What this task involves:
Copy only the lines from the one containing "Cockatiel 3D print model_7" through the final line of the records below, exactly as written, with no pictures.
··· Exercise material ···
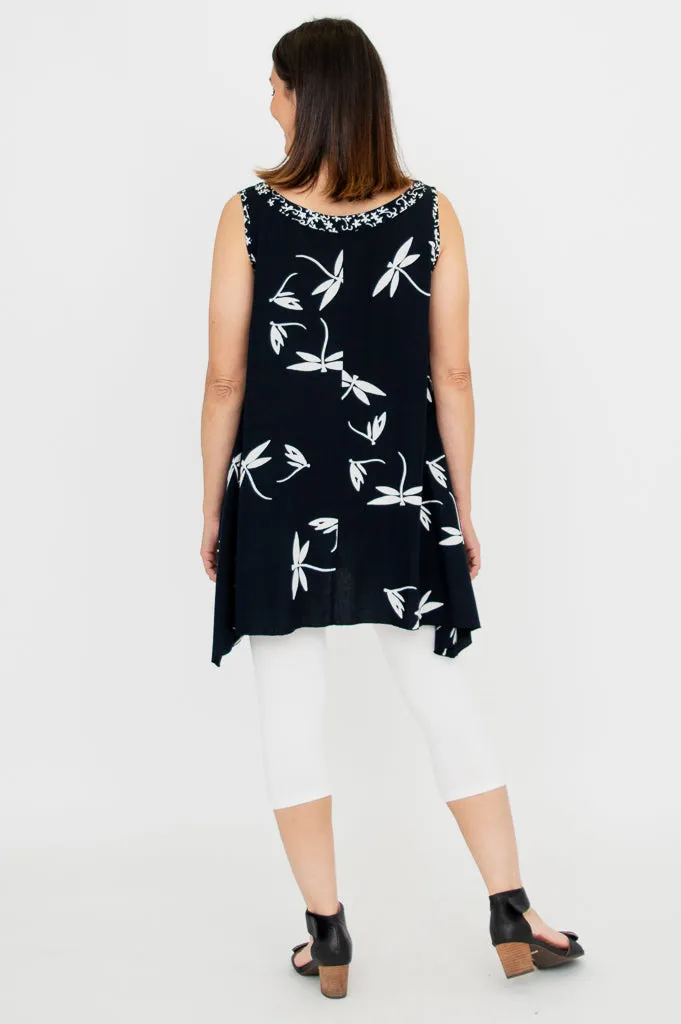 Pauli Tank, BW Dragonfly - Final Sale sold by Blue Sky product image thumbnail 5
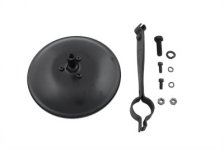 Replica 5" Round Mirror Black (image for) Replica 5" Round Mirror Black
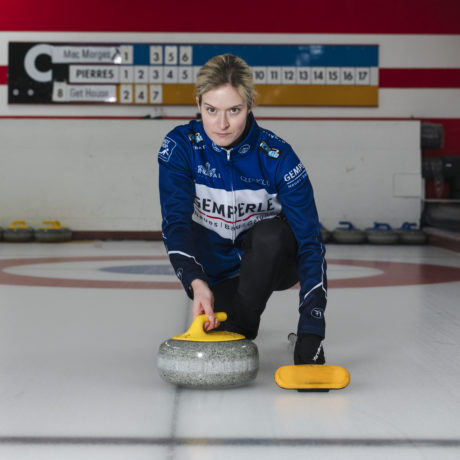 Le bronze européen pour une curleuse de Morges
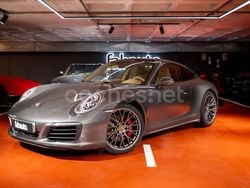 Gris / plata Usado 2017 Porsche 911 Carrera 4S Coupe | 107.900 €
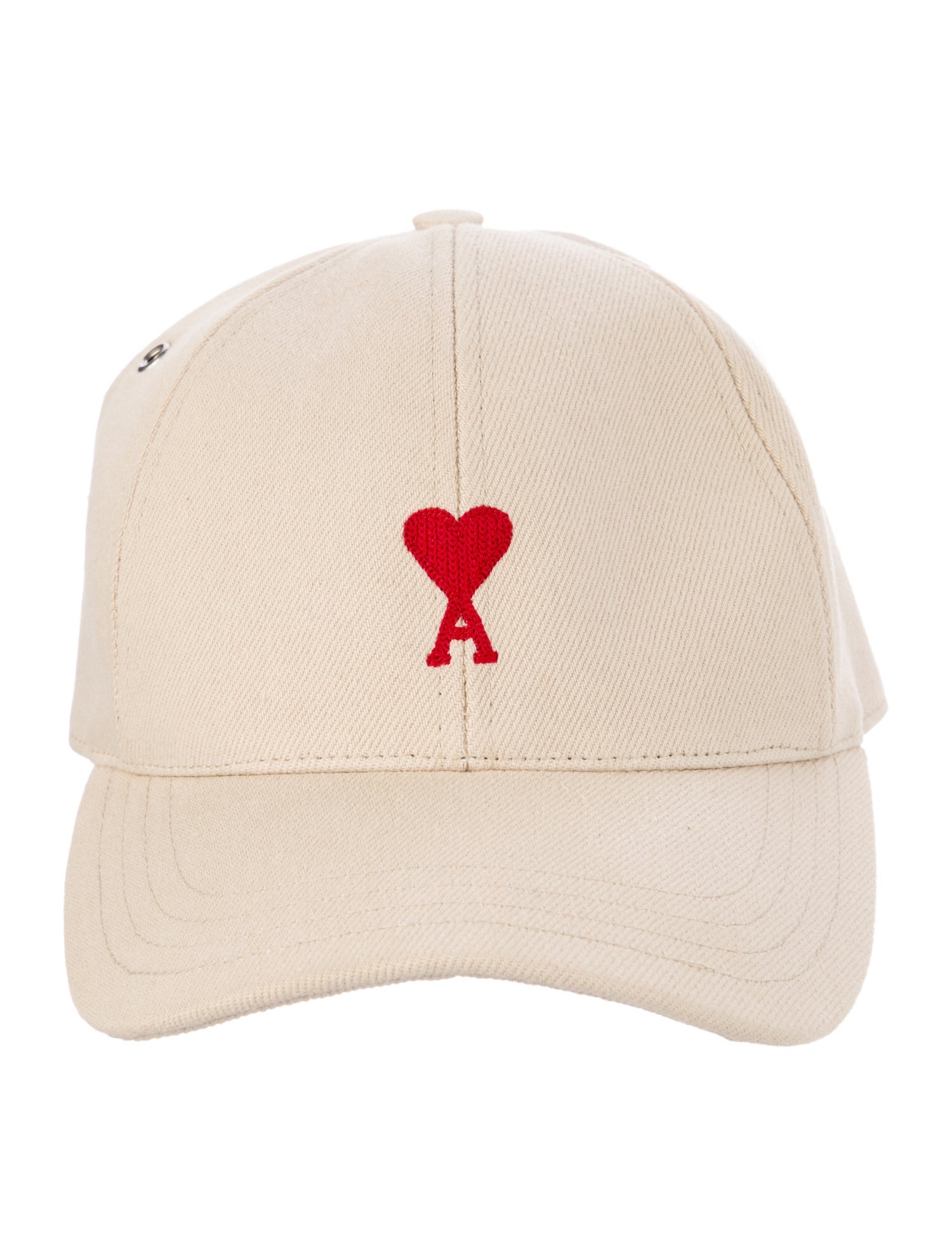 AMI Embroidered Baseball Hat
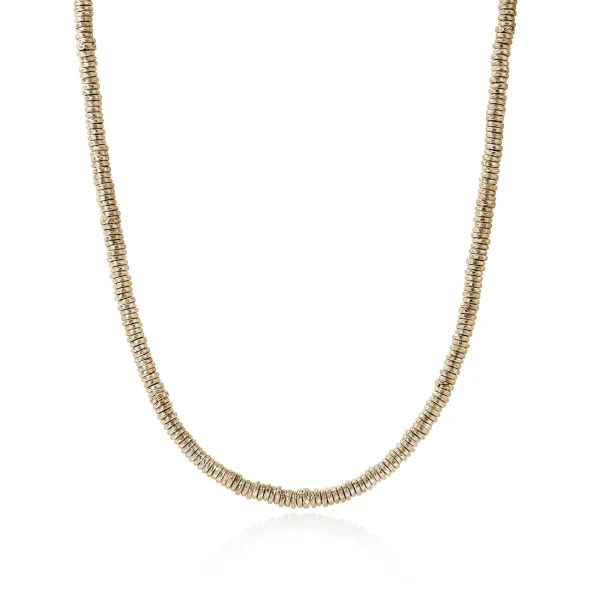 John Hardy Necklaces>Heishi Necklace, Gold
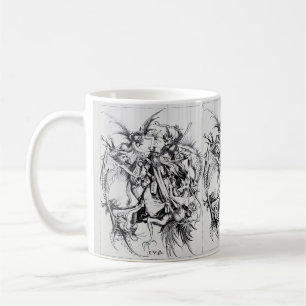 Caneca De Café Tentativas de Anthony Rua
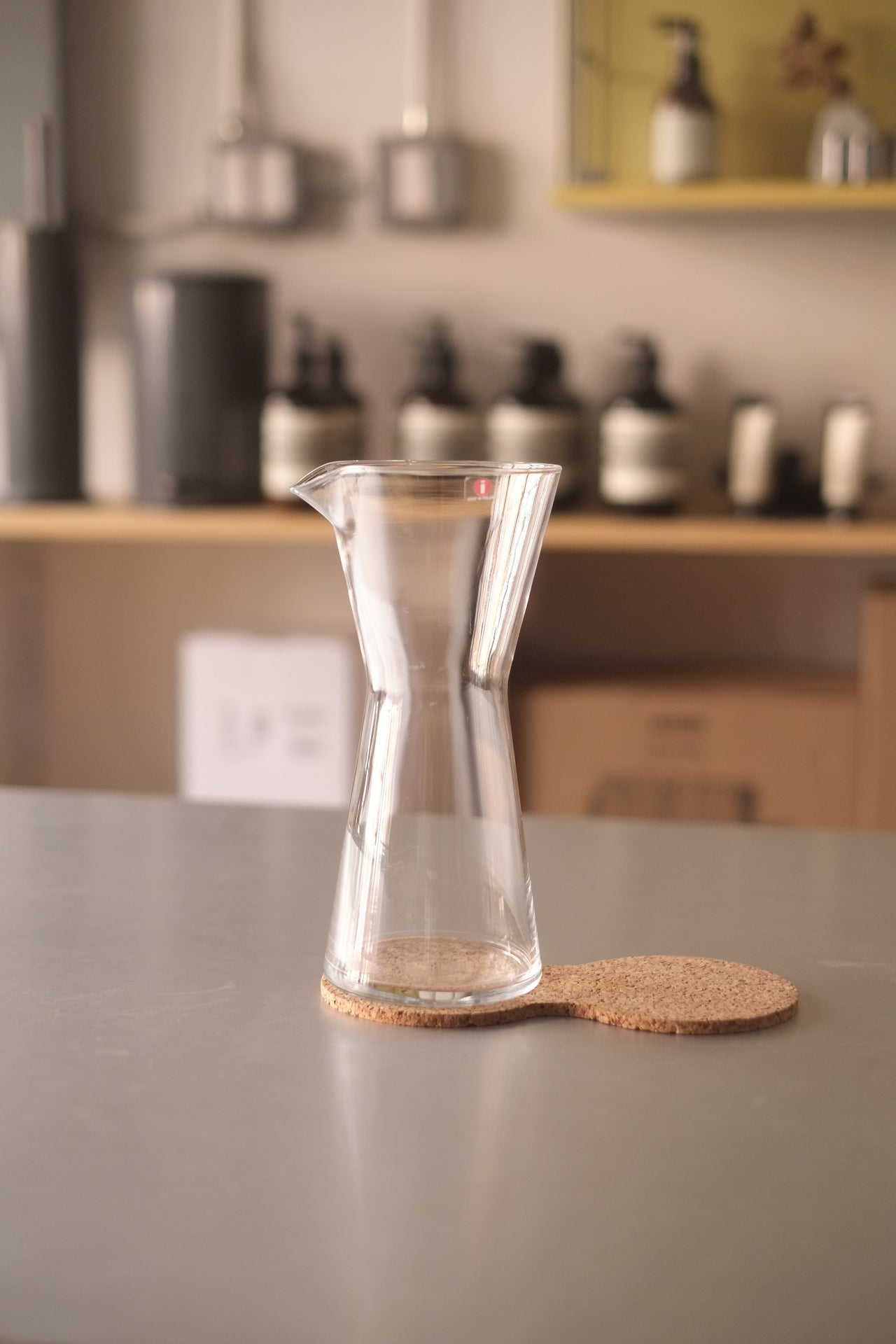 Kartio pitcher by Kaj Franck for Iittala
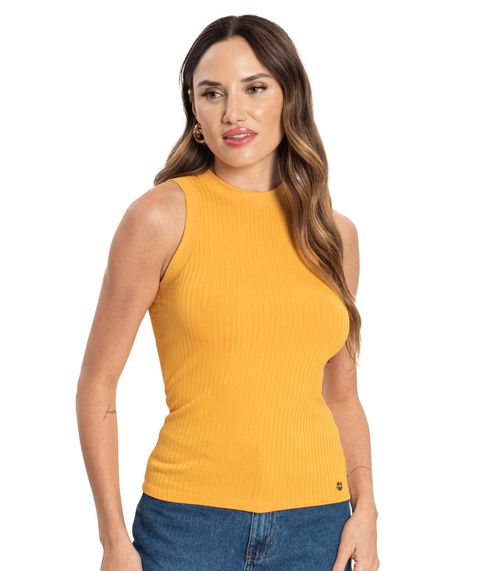 Regata Feminina Endless Amarelo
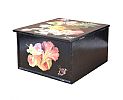 VINTAGE PAINTED STORAGE BOX at Ross's Online Art Auctions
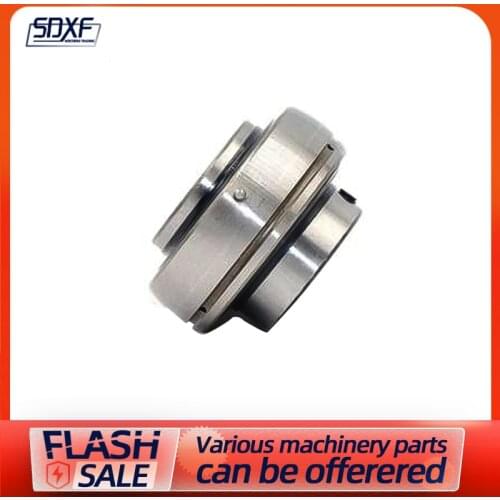 1/2/4PCS outer spherical bearing UC204 205 206 207 208 209 210 212 213 214 215 216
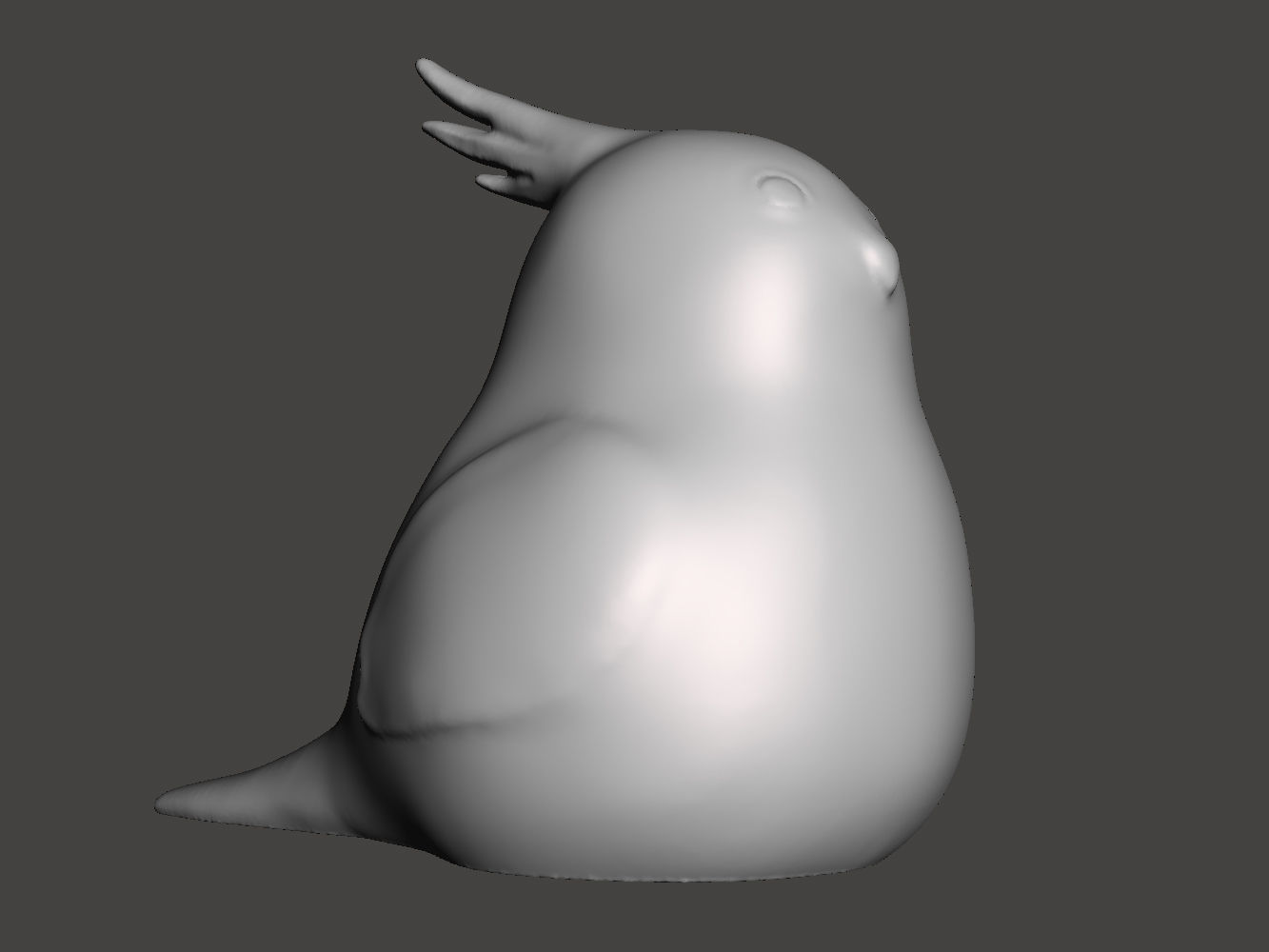 Cockatiel 3D print model_7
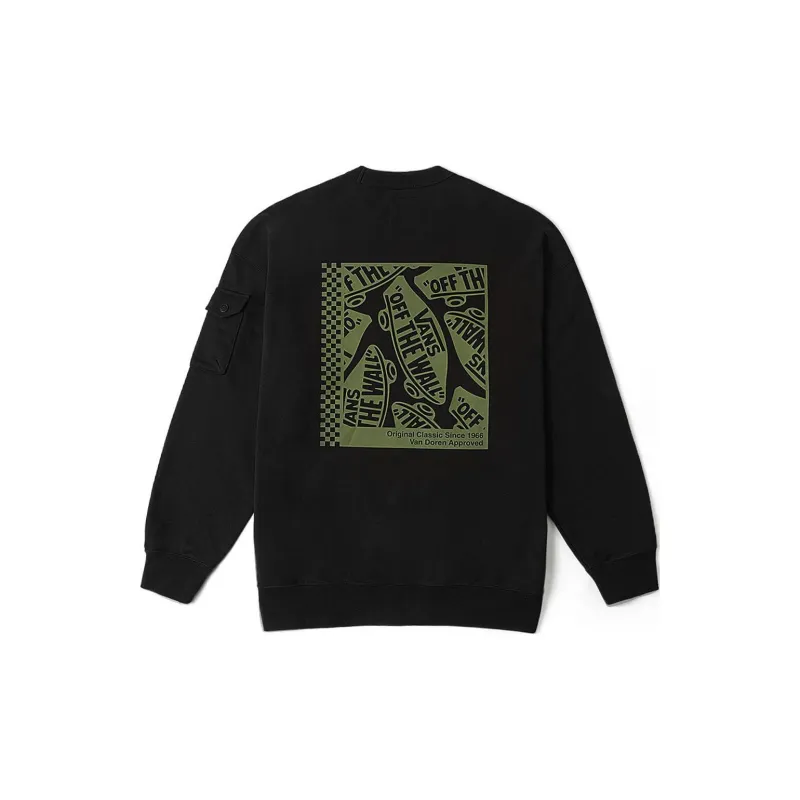 Vans Sweatshirts Men Black-1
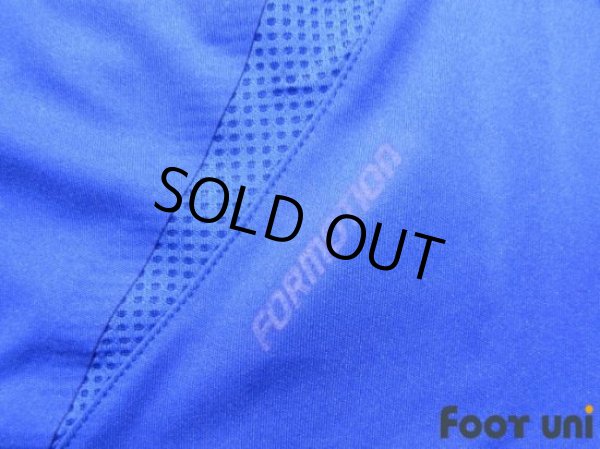 Photo6: Chelsea 2006-2008 Home Authentic Long Sleeve Shirt #13 Michael Ballack (6)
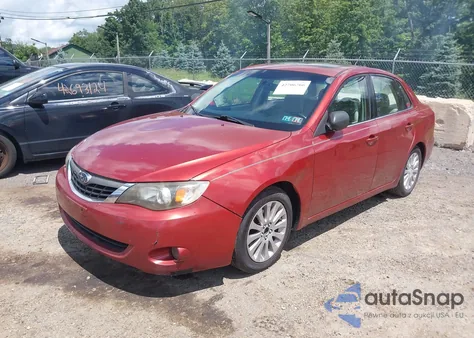 2009 Subaru Impreza 2.5I из США, поврежденный, VIN JF1GE60629H520065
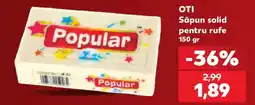 Kaufland OTI Săpun solid pentru rufe Ofertă
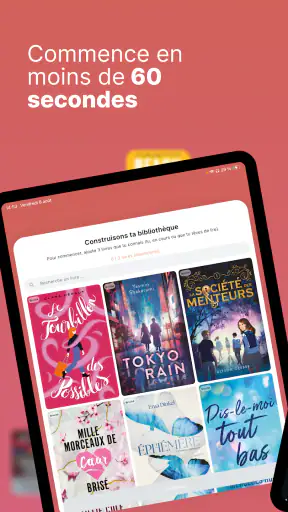 Bindly - Le club des lecteurs screenshot 12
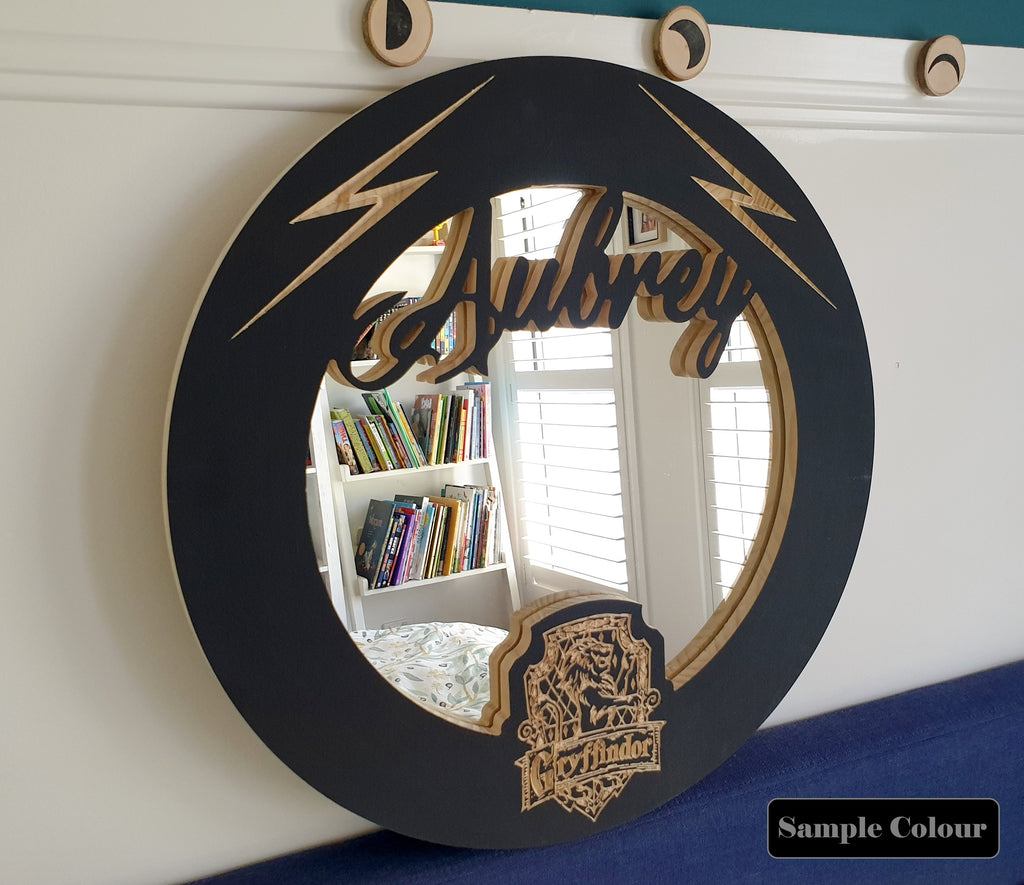 Gumnut Blossom Mirror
···
Your response:
 Cockatiel 3D print model_7
 Vans Sweatshirts Men Black-1
 Photo6: Chelsea 2006-2008 Home Authentic Long Sleeve Shirt #13 Michael Ballack (6)
 2009 Subaru Impreza 2.5I из США, поврежденный, VIN JF1GE60629H520065
 Kaufland OTI Săpun solid pentru rufe Ofertă
 Bindly - Le club des lecteurs screenshot 12
 Gumnut Blossom Mirror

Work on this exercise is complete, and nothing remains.